A likely defense for Hamad is one of voluntary manslaughter, which would eliminate the element of killing with prior calculation and design, Carro said.
“The defense will say [Hamad] was under the heat of passion brought on by [his attacker or attackers] and didn’t have the type of mind capable of forming a scheme and executing a scheme,” Carro said.
Betras said he believes the Castle Doctrine may still apply in the Hamad case because it’s unclear whether curtilage, such as the front yard, will be construed as a part of the home for self-defense purposes.

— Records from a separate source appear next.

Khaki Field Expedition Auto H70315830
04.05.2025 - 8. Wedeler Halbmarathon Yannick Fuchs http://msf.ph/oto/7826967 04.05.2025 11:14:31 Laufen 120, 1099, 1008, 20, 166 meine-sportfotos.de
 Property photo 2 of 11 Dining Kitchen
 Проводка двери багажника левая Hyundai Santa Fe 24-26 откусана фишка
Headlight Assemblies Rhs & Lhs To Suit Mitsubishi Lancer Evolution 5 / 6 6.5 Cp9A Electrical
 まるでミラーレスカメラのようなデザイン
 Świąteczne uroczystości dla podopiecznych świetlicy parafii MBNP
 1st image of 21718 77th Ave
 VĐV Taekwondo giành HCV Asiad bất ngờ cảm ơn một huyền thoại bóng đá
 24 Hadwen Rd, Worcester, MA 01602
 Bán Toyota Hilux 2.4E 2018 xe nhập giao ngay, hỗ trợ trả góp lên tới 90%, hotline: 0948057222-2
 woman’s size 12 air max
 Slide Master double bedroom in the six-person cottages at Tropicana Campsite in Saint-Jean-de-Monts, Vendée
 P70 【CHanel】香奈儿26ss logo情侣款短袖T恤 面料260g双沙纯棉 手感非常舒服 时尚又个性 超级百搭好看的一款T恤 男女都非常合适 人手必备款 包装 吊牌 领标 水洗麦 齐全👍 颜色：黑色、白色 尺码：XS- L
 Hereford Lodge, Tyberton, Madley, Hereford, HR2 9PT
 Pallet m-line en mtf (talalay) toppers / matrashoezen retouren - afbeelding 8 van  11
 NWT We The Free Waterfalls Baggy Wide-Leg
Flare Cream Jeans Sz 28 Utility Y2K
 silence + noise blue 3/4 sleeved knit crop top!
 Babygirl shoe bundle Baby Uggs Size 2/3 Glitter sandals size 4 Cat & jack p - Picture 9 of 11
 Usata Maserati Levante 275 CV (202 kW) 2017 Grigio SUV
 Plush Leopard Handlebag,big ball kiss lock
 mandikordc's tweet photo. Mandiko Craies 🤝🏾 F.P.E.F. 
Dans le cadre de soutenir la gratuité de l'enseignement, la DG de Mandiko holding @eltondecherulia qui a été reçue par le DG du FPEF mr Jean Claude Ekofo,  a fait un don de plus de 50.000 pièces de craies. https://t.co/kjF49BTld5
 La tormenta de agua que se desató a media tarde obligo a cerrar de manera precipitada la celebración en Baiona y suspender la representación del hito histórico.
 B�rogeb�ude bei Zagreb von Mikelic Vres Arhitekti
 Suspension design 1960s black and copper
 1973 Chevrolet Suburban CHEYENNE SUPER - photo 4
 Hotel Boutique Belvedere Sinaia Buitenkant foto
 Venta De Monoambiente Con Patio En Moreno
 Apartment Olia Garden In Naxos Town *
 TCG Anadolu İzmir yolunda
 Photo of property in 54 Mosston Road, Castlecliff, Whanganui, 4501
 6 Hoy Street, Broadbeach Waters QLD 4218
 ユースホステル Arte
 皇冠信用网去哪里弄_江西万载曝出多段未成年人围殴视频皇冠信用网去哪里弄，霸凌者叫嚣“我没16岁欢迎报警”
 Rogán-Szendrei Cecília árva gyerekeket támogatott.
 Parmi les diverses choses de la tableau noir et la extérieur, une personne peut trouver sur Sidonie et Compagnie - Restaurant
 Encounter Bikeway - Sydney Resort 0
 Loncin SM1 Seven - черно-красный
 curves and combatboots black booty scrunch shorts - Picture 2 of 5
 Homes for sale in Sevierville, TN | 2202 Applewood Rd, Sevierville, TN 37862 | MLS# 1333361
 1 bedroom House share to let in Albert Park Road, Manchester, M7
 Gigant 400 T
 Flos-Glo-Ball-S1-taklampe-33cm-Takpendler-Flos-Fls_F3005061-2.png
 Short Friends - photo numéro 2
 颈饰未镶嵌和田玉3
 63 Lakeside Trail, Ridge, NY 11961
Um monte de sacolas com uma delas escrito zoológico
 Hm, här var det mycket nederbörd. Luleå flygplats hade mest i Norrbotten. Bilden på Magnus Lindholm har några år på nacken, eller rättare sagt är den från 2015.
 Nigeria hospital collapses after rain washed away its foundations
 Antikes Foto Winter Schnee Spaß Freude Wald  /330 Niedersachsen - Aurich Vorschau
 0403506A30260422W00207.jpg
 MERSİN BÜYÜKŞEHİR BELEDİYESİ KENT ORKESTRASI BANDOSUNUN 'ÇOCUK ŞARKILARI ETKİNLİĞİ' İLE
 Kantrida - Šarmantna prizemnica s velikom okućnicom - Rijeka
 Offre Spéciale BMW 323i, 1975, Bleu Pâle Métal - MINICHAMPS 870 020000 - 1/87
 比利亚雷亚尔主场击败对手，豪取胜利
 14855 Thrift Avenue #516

“That’s where you’re getting into the meat of this case,” Betras said. “Does curtilage mean the driveway? Does it mean 15 feet from your house? That’s something that will be ferreted out in the facts.”
Curtilage is most often associated with Fourth Amendment issues, such as searches of a person’s home and property, but it also might come into play in relation to the Castle Doctrine, Betras said.
“The Castle Doctrine says you are allowed to stand your ground ... meaning you don’t have to retreat into your house,” Betras said.
“Stand your ground means just that: You can stand your ground. You don’t have to retreat, you can use deadly force, you can do whatever,” he said.
“And if he went in the house and came out, he still has a right to defend himself because who knows? They could have gotten back out of the car and beat him up more,” Betras said.
Police have not described the specifics of the fist-fight aftermath, such as how much time elapsed between Hamad’s going into the house and coming back out and firing.
But Betras said it appears the five did not leave immediately.
“They brought the fight to” Hamad, Betras said. “He didn’t take the fight to them. They came to his house. They beat him up on his yard. And then he goes in the house, and they don’t leave. So then he comes back out. I don’t think the law is going to mandate that he has to go in his house and stay there and bolt the door. He’s got a great defense from everything I’ve been able to see.”
Betras added if the Castle Doctrine applies, it won’t matter that Hamad had time to think things over as he went into the house to get the gun. “If the Castle Doctrine applies, then the fact that [Hamad went] into the house and comes back out is immaterial.”